# The Last Coal Burner



## Macphail

Whilst on the Gazana, dry docking in Sembawang in 1984, There was a Australian flagged ship, TNT Carpentaria, a coal burner.
Having a chat with the Aussie Chief, he said that the main problem was getting rid of the ash. They seemed to have a good time with plenty R&R in Singapore. The Gulf of Carpentaria has a massive reserve of open cast coal.
How do the economics work out for a coal burner ?.

John


----------



## Billieboy

Coal burners are pretty uneconomical, if the coal is free or very low cost, then it can compete with heavy fuel oil at $380/ton. One still needs extra manpower in the engine/boiler room and an ash dumping system, this can be a water powered ejector, working off the high pressure salt water main.


----------



## surfaceblow

"In July, 1983, the Quincy Shipbuilding Division of General Dynamics delivered to New England Electric System the SS ENERGY INDEPENDENCE. This is the first coal burning steamship to have been built since 1929. She is now at sea hauling coal between Hampton Roads and two Massachusetts ports.
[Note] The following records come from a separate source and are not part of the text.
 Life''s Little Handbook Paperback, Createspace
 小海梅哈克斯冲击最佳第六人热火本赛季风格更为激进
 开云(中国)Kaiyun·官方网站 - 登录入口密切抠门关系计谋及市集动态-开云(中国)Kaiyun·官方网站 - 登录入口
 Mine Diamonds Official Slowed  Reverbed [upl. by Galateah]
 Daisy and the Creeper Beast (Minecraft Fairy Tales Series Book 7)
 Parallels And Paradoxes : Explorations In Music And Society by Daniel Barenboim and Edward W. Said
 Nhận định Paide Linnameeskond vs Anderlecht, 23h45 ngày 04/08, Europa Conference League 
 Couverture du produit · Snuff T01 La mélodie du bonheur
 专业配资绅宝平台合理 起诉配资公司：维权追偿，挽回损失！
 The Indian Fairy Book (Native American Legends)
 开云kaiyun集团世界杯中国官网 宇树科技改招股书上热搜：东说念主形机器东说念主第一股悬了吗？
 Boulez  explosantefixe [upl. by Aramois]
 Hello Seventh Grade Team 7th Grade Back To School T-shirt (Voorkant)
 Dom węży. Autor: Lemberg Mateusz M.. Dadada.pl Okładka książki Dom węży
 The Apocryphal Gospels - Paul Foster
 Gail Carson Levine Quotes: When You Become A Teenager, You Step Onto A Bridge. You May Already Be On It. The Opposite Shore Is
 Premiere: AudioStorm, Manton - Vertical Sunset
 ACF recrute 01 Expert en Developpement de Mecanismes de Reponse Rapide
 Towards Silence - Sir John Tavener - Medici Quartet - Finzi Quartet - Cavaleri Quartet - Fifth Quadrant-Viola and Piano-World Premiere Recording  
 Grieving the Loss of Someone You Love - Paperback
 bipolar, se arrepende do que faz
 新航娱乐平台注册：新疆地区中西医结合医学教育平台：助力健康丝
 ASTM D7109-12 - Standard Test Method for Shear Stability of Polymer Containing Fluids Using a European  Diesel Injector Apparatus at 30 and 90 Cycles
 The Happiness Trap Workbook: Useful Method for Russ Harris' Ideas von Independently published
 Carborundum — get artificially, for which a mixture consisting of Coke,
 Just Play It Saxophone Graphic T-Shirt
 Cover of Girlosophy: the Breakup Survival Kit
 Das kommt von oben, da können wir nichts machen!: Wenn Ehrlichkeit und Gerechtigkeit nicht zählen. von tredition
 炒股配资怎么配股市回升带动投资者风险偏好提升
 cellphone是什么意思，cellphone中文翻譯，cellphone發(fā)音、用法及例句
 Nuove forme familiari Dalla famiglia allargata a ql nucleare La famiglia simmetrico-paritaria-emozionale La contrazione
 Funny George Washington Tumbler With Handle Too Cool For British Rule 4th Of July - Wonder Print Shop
In August, 1983, the Maritime Commission released a report on the favorable economics of coal burning ships. The report intimates that others are following the route of the ENERGY INDEPENDENCE. In fact, overseas, there are six ships now under construction that will be coal fired". The cost savings was that the coal was loaded with the cargo. 

In 1994 the SS Energy Independence, renamed SS Energy Enterprise after International Shipholding Corporation purchased the U.S. flag conveyor built-equipped self-loading coal carrier that was being chartered to an electric utility company. 

I do not remember any extra manning in the Engine Department for the coal handing since it was automated. I do remember having problems with the auger getting plugged which meant crawling in the equipment to dislodge the coal that worked its way between the auger and pipe.


----------



## kewl dude

Yes, and when that coal auger jammed it could sound like the loudest woman ever screaming for help, easier heard topside than below.

Greg Hayden


----------



## Steve Hodges

What was the burning arrangement ? pulverised and blown in, chain grate, or was the above mentioned auger feeding into the furnace? Interested to know.


----------



## surfaceblow

I did not want to give misinformation its been about twenty years since I visited the Energy Independence. I went to look into my notes but I did not find them. I did find a few pictures from a Keystone pamphlet of the Energy Independence. 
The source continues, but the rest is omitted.